ランチをしたあと、帰国をしてからお風呂に入れていなかった私は、新宿にある温泉施設「テルマー湯」に行くと言ったら、どういうわけか、拓也も一緒に行くことになった。女湯と男湯で、二手に分かれる。「じゃあね、バイバイ!」と爽やかに手を振って、女湯に入っていった。そのとき拓也は「ありがとねー!」と言ったけど、一瞬だけ見えた表情は「え?これは本当のバイバイ?」だったような気がした。そして私も思った。あれ?これでバイバイ?颯爽と立ち去ったものの、これでもう最後だったのかと思うと、名残惜しいような……。旅特有の、一期一会だ。そのちょっとした寂しさも洗い流すかのように、シャワーを浴びて、その日も例のカフェに向かった。
拓也から、TwitterのDMが届いていた。「てか、リアルえりさん可愛かったな!」。
会っているときは、そんなこと1ミリも言ってなかったのに。つくづく、シャイな奴だな、と思いながら、ちょっと嬉しかった。カフェに行くと、昨日も一緒に話していた常連さんが「拓也くんにデザインの依頼をしたいんだけど、連絡先聞くの忘れちゃった」と言うから、「仕事を依頼したいっていう人がいるから、今日もカフェに来れる?」と拓也にDMした。
今夜も一緒に過ごせる、と思うと、なんだか楽しかった。オーナーはその日も、鍵を置いて終電で去っていく。今度は拓也と常連さんと私で楽しいお酒を飲み明かしたあと、またカフェで寝泊りした。
新宿での対面から1ヶ月で、プロポーズ
そして出会って3日目。朝、拓也はスマホを片手に、私にこんな提案をしてきた。
「実はこれから仕事で四国なんだけど、車で行こうと思ってる。良かったら、一緒に乗っていかない?」
二つ返事で「いいよ」と答えた私に拓也は、本当にいいの?と言わんばかりに、すっとんきょうな顔をしていた。
OKした理由は、日本にいる間、どう過ごすか全くノープランだったし、日本のいろいろな場所を周れるのは楽しそうだから。それに、拓也は悪い人じゃなさそうだったから。

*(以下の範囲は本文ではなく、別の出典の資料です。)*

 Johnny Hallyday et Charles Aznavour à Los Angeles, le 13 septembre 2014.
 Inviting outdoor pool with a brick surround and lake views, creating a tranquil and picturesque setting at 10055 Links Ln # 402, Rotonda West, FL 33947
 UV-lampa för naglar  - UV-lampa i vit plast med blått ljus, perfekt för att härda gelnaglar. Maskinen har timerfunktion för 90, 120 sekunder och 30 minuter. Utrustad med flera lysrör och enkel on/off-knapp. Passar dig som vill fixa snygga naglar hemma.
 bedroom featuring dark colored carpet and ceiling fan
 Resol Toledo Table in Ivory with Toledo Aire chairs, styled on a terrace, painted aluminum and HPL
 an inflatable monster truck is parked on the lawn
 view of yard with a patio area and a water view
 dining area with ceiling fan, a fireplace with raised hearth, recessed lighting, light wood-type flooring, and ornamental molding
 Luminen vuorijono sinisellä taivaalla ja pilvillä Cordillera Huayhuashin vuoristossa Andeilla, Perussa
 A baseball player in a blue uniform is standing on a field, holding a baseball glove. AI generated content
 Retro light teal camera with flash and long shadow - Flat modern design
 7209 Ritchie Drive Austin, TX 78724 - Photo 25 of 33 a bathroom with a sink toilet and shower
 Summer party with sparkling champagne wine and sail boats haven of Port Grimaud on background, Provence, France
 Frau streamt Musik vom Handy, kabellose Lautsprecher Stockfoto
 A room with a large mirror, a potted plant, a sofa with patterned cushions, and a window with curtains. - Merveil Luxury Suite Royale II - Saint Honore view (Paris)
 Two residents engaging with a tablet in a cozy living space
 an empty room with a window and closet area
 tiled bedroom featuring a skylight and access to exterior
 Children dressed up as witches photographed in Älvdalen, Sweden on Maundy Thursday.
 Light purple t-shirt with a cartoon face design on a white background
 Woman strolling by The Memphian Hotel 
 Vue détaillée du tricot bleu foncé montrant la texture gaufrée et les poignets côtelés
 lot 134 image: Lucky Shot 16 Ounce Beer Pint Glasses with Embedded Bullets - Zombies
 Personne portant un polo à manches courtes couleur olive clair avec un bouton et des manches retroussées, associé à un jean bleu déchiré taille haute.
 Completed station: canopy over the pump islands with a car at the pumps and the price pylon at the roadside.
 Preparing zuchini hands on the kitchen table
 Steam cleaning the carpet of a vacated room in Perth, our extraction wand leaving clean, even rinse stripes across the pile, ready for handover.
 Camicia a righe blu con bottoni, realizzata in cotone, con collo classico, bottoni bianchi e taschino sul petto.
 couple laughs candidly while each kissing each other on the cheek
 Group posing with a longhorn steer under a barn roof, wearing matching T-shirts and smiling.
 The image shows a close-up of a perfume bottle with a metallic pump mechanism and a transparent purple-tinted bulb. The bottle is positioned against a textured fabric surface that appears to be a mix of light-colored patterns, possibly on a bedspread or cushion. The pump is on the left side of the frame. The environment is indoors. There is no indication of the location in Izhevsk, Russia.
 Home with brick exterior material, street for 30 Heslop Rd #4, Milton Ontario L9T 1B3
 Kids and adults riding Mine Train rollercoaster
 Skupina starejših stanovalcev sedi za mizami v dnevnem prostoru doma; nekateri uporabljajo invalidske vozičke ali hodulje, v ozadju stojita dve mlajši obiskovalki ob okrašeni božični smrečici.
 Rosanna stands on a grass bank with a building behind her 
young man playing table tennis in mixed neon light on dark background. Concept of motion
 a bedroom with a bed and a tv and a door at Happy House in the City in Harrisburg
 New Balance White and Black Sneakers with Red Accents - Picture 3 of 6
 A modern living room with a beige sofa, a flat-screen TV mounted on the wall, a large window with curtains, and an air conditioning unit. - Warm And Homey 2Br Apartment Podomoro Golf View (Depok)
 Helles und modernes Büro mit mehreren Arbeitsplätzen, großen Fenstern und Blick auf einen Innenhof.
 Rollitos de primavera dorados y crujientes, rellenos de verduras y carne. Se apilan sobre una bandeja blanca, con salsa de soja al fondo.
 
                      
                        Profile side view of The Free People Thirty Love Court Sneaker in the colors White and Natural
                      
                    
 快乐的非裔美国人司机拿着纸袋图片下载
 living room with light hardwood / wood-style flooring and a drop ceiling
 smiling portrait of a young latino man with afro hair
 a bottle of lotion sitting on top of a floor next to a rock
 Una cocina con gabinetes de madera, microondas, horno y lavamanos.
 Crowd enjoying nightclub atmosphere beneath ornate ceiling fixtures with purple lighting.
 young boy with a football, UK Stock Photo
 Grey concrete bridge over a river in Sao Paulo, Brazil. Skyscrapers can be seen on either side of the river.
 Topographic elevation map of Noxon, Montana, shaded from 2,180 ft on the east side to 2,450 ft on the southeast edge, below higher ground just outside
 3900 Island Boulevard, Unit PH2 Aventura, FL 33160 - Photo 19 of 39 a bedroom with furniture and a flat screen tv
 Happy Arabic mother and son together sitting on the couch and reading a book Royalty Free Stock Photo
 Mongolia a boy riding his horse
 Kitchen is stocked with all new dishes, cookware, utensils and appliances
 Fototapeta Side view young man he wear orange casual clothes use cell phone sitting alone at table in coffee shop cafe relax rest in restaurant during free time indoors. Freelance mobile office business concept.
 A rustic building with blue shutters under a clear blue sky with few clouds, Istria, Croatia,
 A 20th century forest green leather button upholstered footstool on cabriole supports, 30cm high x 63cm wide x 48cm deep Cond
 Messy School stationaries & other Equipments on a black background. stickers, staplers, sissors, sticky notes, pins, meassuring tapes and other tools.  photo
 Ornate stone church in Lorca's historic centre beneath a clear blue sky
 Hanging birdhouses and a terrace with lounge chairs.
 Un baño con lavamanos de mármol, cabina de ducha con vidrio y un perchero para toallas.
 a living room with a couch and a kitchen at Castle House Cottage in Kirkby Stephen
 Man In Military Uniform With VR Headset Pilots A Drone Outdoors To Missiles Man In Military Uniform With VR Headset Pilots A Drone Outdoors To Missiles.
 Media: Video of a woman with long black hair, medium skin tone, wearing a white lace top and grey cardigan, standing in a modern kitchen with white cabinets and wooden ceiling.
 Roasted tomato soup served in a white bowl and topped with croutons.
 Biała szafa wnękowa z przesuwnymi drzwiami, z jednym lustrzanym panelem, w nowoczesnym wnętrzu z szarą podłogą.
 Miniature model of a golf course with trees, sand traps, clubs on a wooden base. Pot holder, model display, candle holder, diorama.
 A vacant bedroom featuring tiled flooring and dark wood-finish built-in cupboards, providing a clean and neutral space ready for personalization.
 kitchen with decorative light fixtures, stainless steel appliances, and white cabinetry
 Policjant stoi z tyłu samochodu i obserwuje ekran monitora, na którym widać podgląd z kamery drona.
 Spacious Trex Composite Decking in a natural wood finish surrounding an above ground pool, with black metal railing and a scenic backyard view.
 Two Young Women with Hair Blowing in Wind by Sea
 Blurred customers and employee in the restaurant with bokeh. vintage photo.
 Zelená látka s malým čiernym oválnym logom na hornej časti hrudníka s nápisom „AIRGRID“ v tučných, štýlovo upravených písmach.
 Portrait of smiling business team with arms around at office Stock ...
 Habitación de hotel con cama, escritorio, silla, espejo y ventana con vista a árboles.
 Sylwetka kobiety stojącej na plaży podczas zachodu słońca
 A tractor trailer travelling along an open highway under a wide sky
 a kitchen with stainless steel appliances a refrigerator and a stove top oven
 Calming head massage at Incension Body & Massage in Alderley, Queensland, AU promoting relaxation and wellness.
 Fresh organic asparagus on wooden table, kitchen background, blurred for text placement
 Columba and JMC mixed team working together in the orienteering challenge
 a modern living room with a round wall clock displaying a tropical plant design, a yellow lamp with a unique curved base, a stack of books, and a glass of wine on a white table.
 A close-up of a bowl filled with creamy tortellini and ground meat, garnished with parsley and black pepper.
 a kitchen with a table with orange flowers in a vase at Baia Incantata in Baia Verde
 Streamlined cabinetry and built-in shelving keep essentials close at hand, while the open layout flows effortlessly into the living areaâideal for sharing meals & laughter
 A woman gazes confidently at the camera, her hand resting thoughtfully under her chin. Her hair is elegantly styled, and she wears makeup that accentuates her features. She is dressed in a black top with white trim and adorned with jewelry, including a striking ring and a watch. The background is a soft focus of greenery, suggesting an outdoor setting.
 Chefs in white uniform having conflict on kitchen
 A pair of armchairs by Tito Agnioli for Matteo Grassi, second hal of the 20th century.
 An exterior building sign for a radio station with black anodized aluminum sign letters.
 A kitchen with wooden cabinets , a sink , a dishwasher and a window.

車で新宿を出発した翌日、私たちは大阪にいた。車の中でも、食事中も、ずっと拓也と一緒に過ごして、とにかく思った以上に楽しかった。初めて「たくちゃん」と呼んだとき、顔を真っ赤にしてそっぽを向いた姿は、なんだか愛くるしかった。
拓也は、どうやら私のことが好きみたいだ。でも私は来月、また海外に行く。それを察してか、彼がもどかしさを隠しているようだった。
「たくちゃんてさ、私のこと好きでしょ」。
大阪で泊まったゲストハウスのドミトリーの部屋で、私は唐突に言った。
「はい……。恋愛感情があります」という真面目すぎる彼の回答に、愛おしさを感じてしまった。
翌日、USJで初めて手をつないだ。その日、拓也が「付き合いたいです。」と言った。
恋人同士になった私たちは、そのまま四国、関西、東海を車旅。
そして翌月にはプロポーズ。これを、人生最後の恋愛にしたい。私はそう思った。
香港行きの飛行機は払い戻しできなかったけど、乗らないことに決めた。
これが私たちの、バンライフと恋愛のはじまり。どれだけお互いを愛せるか、も大切だけど、どれだけ同じ夢を持っているかが、私が結婚するにおいて大切にしたかったこと。同じ好きなこと、価値観、夢。それを重ねられる場所が、たまたまTwitterだっただけなのだ。